▸ DATA BELOW
——————————
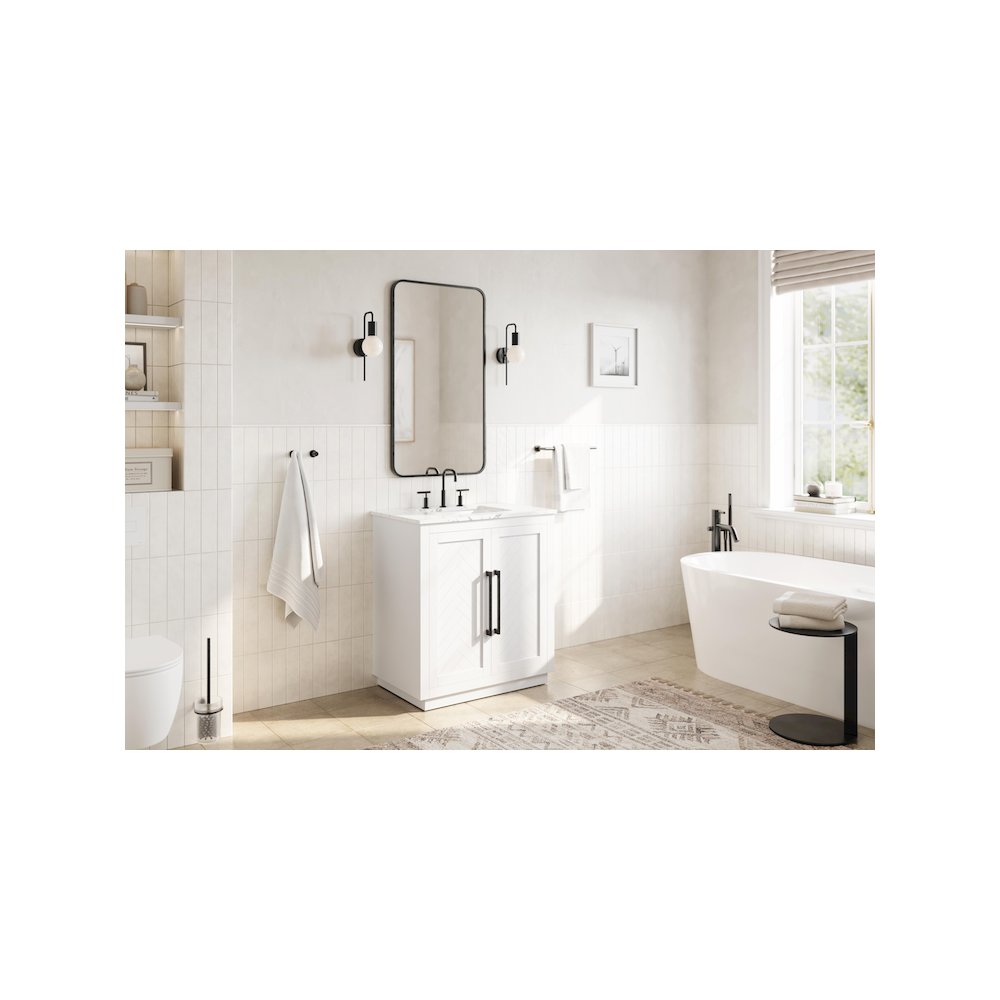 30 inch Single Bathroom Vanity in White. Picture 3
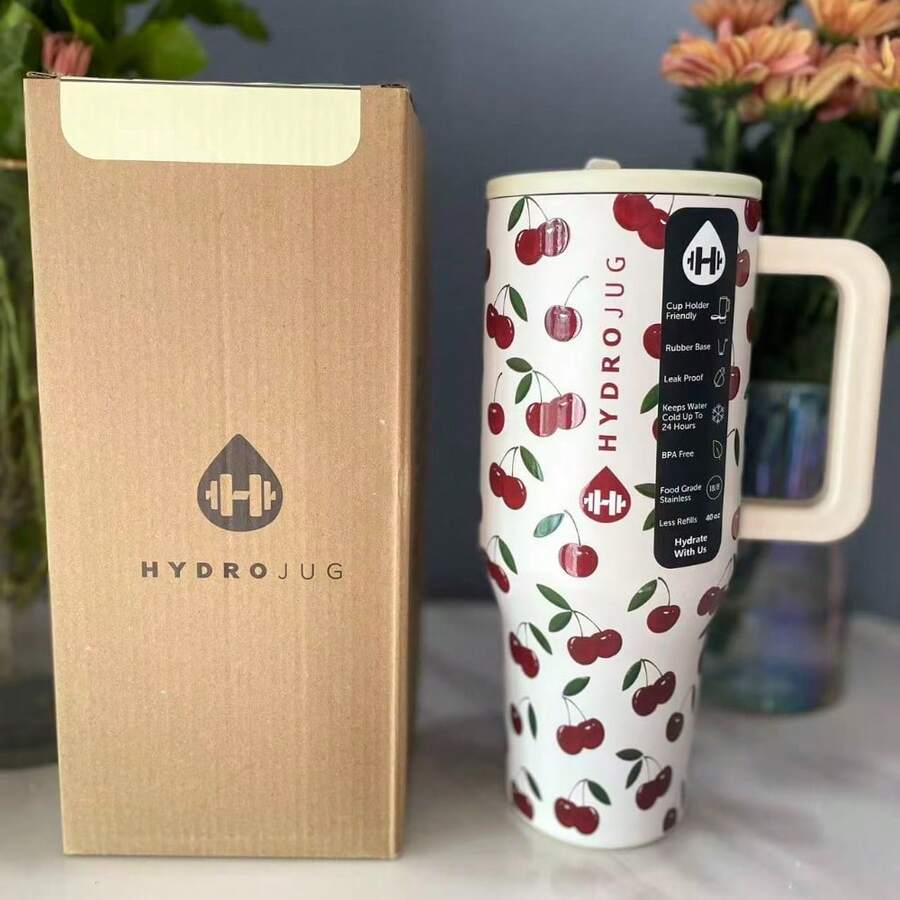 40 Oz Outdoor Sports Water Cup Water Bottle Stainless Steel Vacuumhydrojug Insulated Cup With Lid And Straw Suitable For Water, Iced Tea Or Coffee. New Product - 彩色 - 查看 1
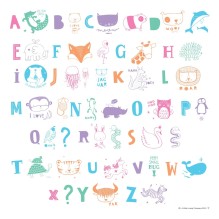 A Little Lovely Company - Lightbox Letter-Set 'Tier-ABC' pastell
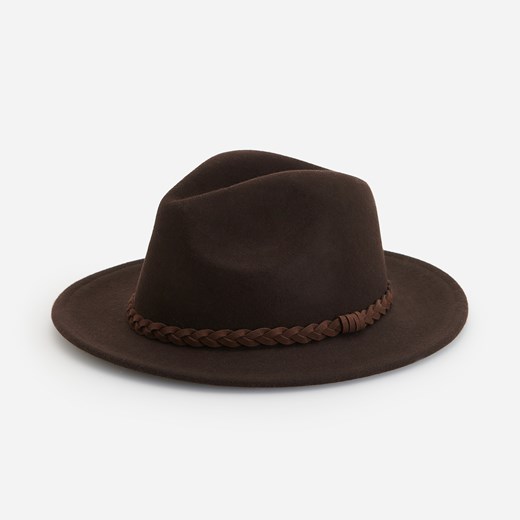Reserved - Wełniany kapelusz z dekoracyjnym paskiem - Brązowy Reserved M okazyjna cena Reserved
——————————
▸ ABOUT THIS EXERCISE
Only the pictures are to be left out; print everything else in the listing exactly.

▸ YOUR RESPONSE
 30 inch Single Bathroom Vanity in White. Picture 3
 40 Oz Outdoor Sports Water Cup Water Bottle Stainless Steel Vacuumhydrojug Insulated Cup With Lid And Straw Suitable For Water, Iced Tea Or Coffee. New Product - 彩色 - 查看 1
 A Little Lovely Company - Lightbox Letter-Set 'Tier-ABC' pastell
Reserved - Wełniany kapelusz z dekoracyjnym paskiem - Brązowy Reserved M okazyjna cena Reserved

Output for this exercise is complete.